Whether the sarin found originated with Saddam's WMD program or with Zarqawi's is impossible to guess. Saddam can't hurt anyone anymore, nor pay for suicide attackers as he used to, and hopefully the same will soon be said about the animal Zarqawi. In a little noticed story this week (notice how the Nick Berg story disappeared completely after one day, and the Abu Ghraib pics are still leading almost a month after it broke), four men have been arrested in the Berg murder case. Unfortunately, one of them wasn't the mad Jordanian. I would hope, at the very least, that these four (if they actually know something that might lead to his capture) would be made to wear women's underpants with flowers on them until they talk. No kid gloves please.

NORTH KOREA TRAIN EXPLOSION
Who could forget that unbelievable explosion last month in North Korea, the one the NK regime were so reticent to talk about? The one that destroyed a town only hours after Dear Leader Kim Jong Il himself passed through, on his way home from his ardent kissing sessions with Jiang Zhemin in Beijing? Evidently there is still
more to the story...[That url looks like it may not be a permanent link]
A North Korean missile shipment to Syria was halted when a train collision in that Asian country destroyed the missile cargo and killed about a dozen Syrian technicians.

U.S. officials confirmed a report in a Japanese daily newspaper that a train explosion on April 22 killed about a dozen Syrian technicians near the Ryongchon province in North Korea. The officials said the technicians were accompanying a train car full of missile components and other equipment from a facility near the Chinese border to a North Korea port.

A U.S. official said North Korean train cargo was also believed to have contained tools for the production of ballistic missiles.
A separate article from the same World Tribune site (probably best if you want to find the originals is to just start from the front page) stated that:
The source said North Korean military personnel with protective suits responded to the scene soon after the explosion and removed material only from the Syrians' section of the train.

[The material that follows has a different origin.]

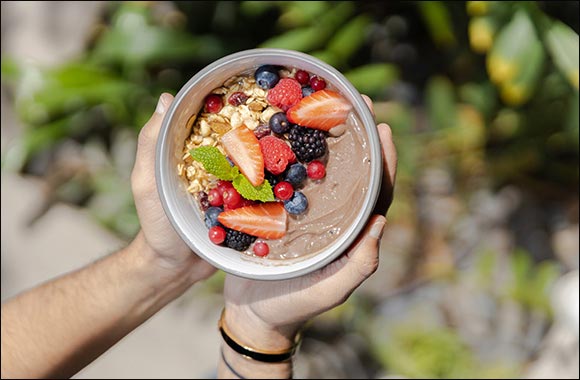 Start Your Day Right at Chie Restaurant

The technicians were from the Syrian technical research center called Centre d'Etudes et de Recherche Scientific (CERS). Although CERS was established to promote science and technology development, it has been viewed as a major player in Syria's weapons of mass destruction development program. [...]

The Syrians and North Koreans who transported the victims were also reportedly wearing protective suits similar to those worn by the North Korean military figures who arrived on the scene immediately after the accident, the source said.
A different report (which I've misplace the link to) on South Korean newspaper, said that seismic listening stations (apparently for the purpose of detecting unannounced nuclear testing) located in Japan, Australia, Hawaii and elsewhere have pegged the explosion as something just under magnitude 3 on the Richter scale, and calculate that it would require approximately 8 times the amount of explosives which the North Korean gov't claims were involved. Their story (and they're stickin' to it, I'm sure) is that a train carrying fertilizer and a tank of petroleum were being shunted around on the tracks, when it carelessly came into contact with live electrical wires. The result as we know, was one destroyed town and hundreds of dead townsfolk.

SAUDIS AGAIN
Remember the al Qaeda attacks on the Saudi Arabia housing complex one year ago? In an interview with the Independent UK, employees for a security company on contract with the Saudi National Guard (which protects the royal family) allege that members of the Guard knew about the attack in advance, and were likely to have helped al Qaeda with maps. The Saudis had also organised a training exercise on that day which removed nearly all of the security staff on duty, leaving the compound virtually defenceless. One of the security instructors said, "There is no doubt we were set up. Someone in the upper echelons of the Saudi National Guard knew the bombing was imminent."